§ Instructions for the task
Look below for the line that contains "automate your business", then copy it and each following line exactly, through and including the line that contains "STEM - Magnetic".

───── Exercise data ─────

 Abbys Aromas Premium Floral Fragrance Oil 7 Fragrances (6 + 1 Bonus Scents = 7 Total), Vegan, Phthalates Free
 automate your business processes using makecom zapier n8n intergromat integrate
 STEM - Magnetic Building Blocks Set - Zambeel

─────
───── Exercise data ─────

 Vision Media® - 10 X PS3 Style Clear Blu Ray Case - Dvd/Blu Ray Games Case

─────

§ Task result
 automate your business processes using makecom zapier n8n intergromat integrate
 STEM - Magnetic Building Blocks Set - Zambeel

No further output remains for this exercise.